**** INPUT ****

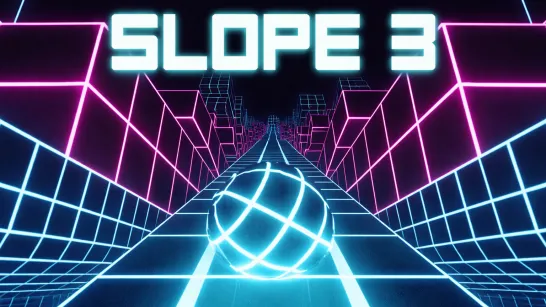 Play Slope 3 game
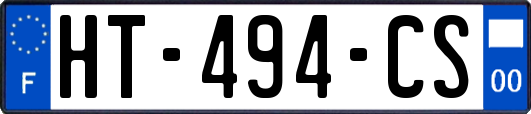 HT-494-CS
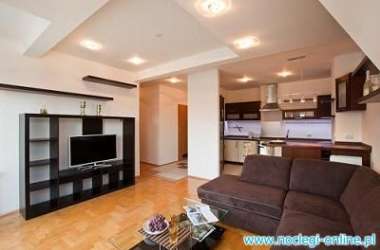 Marina Apartments
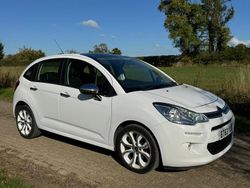 White Used 2013 Citroën C3 SELECTION Hatchback | £2,495 (Fair price)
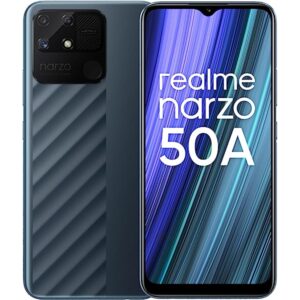 realme narzo 50A Oxygen Green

****

**EXERCISE DETAILS:** Copy each entry exactly as written. Images should not appear in the copy.

**OUTPUT OF THE TASK:**
 Play Slope 3 game
 HT-494-CS
 Marina Apartments
 White Used 2013 Citroën C3 SELECTION Hatchback | £2,495 (Fair price)
 realme narzo 50A Oxygen Green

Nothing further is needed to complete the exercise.